Fresh Risk Factors Emerge
The fundamental backdrop for equities has grown more complicated this week. We have seen a broad recovery over the last few weeks in line with the weakening trend in global COVID-19 numbers which is leading many countries to begin easing lock-downs or planning to do so. With attention now turning to the “next phase” of the battle against the virus (as many political leaders are calling it) hopes for a return to more normal economic conditions have been lifting sentiment.
However, at the same time, other risk factors have emerged which are providing a counter-weight to this optimism, namely concerns over US/China relations and US/Iran relations. The US has returned to publicly blaming China for its poor handling of the virus. There have even been accusations, including from the president himself, that China started the virus in a lab and, as such, the US is now threatening to take financial action against China. This is raising concerns over the prospect of a return to the trade war conditions which dogged the global economy over the last two years.
At the same time, there are fears of a potential conflict between the US and Iran as the two countries continue to trade aggressive rhetoric. The US has condemned Iran for a recent military satellite launch and is pushing to have the UN arms embargo n the country extended beyond October. With frequent stand-offs between US and IRGC navy operations in the Gulf there is a fear that the tensions will spill over into conflict, creating a further drag on risk appetite.
DAX (Neutral, Bullish above 11308.6)
From a technical viewpoint. The DAX failed to break back into the bullish channel, retested last week and has since turned lower. However, price is still holding above the 10268.16 level support, keeping the near term bias neutral for now. Bulls will need to see price break back above the 11308.86 yearly S1 to regain upside momentum.
S&P500 (Bearish below 2884.50)
From a technical viewpoint. The S&P failed at the retest of the broke bullish channel and has since fallen below the 2884.50 level. Market is showing signs of interim topping here and while price holds below this level, the S&P is at risk of a further move lower to the yearly S1 at 2685 first.

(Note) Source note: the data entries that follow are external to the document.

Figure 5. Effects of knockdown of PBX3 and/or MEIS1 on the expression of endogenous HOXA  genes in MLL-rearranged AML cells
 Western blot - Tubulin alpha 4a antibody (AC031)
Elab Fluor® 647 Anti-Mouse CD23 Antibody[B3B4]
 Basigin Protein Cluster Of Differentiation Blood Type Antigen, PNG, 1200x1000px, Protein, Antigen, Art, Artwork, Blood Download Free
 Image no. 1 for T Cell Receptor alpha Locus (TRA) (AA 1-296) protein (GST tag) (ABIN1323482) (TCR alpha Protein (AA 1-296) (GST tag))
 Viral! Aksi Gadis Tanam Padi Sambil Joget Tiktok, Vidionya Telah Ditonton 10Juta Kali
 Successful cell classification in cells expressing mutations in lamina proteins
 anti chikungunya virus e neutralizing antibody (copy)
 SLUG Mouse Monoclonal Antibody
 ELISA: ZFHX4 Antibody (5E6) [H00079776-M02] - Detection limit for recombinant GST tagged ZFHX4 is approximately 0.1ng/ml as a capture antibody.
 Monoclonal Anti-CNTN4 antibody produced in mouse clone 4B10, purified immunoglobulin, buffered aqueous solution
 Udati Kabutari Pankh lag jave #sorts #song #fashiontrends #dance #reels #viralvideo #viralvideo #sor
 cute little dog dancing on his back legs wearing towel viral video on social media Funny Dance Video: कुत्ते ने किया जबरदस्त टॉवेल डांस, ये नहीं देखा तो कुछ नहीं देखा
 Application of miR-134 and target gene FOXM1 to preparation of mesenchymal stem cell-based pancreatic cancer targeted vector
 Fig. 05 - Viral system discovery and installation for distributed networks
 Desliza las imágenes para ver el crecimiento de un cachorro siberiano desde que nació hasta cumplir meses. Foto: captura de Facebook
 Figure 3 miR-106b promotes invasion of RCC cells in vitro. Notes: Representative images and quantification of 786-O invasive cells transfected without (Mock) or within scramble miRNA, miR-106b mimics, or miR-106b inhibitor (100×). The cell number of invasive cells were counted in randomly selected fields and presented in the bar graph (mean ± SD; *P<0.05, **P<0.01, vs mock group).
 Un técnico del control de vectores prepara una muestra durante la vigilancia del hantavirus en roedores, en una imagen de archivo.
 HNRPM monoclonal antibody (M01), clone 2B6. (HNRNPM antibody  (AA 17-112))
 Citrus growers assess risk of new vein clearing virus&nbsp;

FTSE (Bullish above 5771.9)
From a technical viewpoint. The FTSE reversed just shy of testing VWAP last week and has fallen back below the rising trend line from year to date lows. However, price is currently trading back above the monthly pivot 5771.9 and while this level holds, a continuation higher remains in store.
NIKKEI (Bullish above 19076.1)
From a technical viewpoint. The NIKKEI has broken down through the rising trend lie from 2020 lows after retesting the yearly S1 at 20434.6. However, while prices holds above the 19076.1 level, further upside remains in view. Below here, however, the monthly S1 at 18280.5 will be the next target.